From the October 1977 issue of the Socialist Standard
What a spectacle! Jim Callaghan receiving a standing ovation after telling the TUC Congress that restricting wage increases, plus reduced taxation, was in the best interest of trade unionists. Some at least, remained seated. Could it be that they have seen through the myth that pay increases are the cause of either inflation or unemployment?
Referring to "free collective bargaining" the Prime Minister claimed: "the race is to the swift, the lion's share goes to the lions". The real "lions" are the capitalist class with their built-in advantage of ownership of the means of production. An advantage which puts the debate on "industrial democracy" into perspective. As for members of the working class, though their level of wages can be influenced by strong unions, they are paid for the value of their labour-power. We agree with Callaghan that high wages have nothing to do with Socialism—a social system yet to be established in which money and trade unions will not have any role to play.
In the manner of his predecessors, regardless of party, the PM's message was not all belt-tightening. The Government wants a steady rate of expansion and given the right conditions, there would be no further reduction in the standard of living. In fact there are good times coming—"we have the best chance since the end of the war to make this year the best since the end of the war". Do not get too excited: capitalism with all of its problems will continue as usual.

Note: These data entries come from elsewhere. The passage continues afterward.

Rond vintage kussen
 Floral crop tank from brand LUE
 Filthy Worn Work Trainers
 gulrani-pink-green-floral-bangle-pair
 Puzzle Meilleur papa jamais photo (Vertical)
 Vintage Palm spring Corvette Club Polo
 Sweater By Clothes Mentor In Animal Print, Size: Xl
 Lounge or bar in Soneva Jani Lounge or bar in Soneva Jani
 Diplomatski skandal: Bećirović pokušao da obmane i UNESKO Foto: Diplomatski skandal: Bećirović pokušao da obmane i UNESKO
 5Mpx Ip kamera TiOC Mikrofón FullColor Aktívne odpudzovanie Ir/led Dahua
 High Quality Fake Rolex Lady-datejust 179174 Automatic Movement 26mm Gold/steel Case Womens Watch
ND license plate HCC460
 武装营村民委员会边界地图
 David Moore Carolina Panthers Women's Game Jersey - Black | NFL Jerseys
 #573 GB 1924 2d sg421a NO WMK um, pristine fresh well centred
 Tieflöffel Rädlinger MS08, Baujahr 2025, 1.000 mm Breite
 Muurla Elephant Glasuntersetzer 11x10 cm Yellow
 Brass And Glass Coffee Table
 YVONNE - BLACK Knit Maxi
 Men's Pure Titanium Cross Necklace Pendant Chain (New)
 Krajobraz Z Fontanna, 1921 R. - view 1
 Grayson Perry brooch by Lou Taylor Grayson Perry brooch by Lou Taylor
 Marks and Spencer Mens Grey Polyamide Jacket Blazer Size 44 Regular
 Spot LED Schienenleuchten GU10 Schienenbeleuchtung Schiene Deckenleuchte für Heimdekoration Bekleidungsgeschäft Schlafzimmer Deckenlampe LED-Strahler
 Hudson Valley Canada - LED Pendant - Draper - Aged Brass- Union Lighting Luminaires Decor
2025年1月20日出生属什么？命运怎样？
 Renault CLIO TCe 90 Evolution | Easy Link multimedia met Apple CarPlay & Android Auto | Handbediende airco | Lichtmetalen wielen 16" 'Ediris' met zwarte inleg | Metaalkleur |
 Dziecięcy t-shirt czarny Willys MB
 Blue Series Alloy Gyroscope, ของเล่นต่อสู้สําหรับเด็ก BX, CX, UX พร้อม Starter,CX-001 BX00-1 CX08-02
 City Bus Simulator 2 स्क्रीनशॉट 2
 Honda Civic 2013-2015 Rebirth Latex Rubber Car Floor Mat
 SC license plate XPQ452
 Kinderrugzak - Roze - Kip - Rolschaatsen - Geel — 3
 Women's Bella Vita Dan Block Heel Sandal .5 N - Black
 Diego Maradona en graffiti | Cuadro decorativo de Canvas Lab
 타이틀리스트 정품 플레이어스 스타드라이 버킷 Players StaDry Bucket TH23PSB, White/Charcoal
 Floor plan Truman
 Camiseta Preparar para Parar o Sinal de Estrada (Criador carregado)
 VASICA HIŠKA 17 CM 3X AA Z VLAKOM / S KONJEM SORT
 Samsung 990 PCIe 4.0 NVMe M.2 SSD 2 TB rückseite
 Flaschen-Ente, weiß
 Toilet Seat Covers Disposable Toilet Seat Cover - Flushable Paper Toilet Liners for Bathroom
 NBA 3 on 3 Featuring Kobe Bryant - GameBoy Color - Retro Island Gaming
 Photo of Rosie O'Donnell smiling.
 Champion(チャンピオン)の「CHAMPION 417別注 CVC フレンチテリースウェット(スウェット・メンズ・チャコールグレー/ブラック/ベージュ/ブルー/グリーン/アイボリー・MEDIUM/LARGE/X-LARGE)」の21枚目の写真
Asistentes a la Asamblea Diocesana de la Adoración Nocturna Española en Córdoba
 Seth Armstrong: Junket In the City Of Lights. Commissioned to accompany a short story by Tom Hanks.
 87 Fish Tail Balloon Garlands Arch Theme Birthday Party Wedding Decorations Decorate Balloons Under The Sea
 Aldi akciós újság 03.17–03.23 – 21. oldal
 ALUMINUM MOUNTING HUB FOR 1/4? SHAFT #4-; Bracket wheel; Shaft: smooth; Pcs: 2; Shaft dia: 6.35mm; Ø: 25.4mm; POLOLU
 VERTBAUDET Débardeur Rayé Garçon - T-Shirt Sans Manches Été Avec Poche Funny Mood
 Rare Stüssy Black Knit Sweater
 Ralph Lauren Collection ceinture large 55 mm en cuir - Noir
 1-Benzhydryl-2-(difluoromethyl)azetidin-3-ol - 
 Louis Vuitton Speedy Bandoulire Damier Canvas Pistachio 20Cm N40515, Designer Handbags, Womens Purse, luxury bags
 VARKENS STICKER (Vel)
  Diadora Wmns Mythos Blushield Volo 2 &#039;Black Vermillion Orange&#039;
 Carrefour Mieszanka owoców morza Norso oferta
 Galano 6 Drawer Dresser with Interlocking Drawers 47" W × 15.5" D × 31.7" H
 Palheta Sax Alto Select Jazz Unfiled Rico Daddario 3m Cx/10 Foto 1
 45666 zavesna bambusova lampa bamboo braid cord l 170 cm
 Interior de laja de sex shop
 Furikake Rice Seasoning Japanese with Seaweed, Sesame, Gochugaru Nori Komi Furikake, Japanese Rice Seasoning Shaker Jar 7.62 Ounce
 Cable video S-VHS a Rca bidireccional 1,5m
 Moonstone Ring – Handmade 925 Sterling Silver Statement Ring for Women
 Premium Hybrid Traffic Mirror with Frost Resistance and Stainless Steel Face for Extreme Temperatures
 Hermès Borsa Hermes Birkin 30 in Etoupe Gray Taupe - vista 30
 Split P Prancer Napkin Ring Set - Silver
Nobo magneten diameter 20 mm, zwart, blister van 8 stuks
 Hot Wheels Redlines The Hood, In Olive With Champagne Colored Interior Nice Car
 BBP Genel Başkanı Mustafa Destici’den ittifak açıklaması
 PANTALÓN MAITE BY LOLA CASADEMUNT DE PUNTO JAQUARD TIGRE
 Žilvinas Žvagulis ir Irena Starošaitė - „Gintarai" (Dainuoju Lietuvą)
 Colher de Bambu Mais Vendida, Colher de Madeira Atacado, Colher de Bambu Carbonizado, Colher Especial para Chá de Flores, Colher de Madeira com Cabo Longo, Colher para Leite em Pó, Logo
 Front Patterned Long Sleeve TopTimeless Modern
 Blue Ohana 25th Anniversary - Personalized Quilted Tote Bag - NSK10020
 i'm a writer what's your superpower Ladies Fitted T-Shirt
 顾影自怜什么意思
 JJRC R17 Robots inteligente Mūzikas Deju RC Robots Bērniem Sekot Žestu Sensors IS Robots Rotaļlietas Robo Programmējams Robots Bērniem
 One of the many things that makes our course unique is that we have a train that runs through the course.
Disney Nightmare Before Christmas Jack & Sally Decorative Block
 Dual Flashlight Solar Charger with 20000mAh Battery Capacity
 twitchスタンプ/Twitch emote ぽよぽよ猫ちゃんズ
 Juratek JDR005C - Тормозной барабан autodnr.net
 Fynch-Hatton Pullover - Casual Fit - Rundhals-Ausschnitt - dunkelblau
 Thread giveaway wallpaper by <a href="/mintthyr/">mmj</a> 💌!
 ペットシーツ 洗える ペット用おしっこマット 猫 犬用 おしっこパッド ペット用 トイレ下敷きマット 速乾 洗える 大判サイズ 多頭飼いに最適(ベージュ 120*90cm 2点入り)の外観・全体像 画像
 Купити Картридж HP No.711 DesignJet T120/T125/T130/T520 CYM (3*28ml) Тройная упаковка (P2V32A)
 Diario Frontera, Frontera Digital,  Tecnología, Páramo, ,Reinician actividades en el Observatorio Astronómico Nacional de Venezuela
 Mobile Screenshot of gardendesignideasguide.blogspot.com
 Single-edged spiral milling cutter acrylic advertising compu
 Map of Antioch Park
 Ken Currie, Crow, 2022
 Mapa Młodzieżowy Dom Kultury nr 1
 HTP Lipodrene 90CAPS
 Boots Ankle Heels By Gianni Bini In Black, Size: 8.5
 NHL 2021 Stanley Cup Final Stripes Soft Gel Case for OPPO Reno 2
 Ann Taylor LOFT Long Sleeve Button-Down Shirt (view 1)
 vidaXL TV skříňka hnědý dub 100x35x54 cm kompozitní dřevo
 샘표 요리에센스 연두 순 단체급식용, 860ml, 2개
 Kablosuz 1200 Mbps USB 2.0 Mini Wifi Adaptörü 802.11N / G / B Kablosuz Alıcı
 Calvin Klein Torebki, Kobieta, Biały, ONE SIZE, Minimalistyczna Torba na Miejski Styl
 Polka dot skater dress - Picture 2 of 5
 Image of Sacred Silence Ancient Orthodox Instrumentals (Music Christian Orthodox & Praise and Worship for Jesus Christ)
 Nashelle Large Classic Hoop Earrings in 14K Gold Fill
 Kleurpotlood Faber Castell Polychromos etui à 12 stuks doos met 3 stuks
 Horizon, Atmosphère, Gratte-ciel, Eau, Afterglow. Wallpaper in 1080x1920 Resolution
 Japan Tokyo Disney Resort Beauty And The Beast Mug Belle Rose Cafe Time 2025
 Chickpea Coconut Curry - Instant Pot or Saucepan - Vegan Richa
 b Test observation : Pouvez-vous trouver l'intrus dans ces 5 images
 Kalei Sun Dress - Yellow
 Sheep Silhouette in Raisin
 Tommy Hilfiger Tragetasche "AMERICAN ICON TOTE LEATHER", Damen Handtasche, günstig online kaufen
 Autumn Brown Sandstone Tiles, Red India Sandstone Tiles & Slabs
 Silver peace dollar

Introducing the debate on pensions and welfare benefits Jack Jones, Gen. Sec. of the TGWU, said that too many pensioners were condemned to live below the poverty line. In 1906 J. R. Clynes MP declared "that the Labour Party would have been well worth creating if in the next ten years they did nothing more than settle the question of old age pensions". At the time the proposed settlement was for five shillings per week.
Socialism was possible in 1906—in 1977 it is imperative.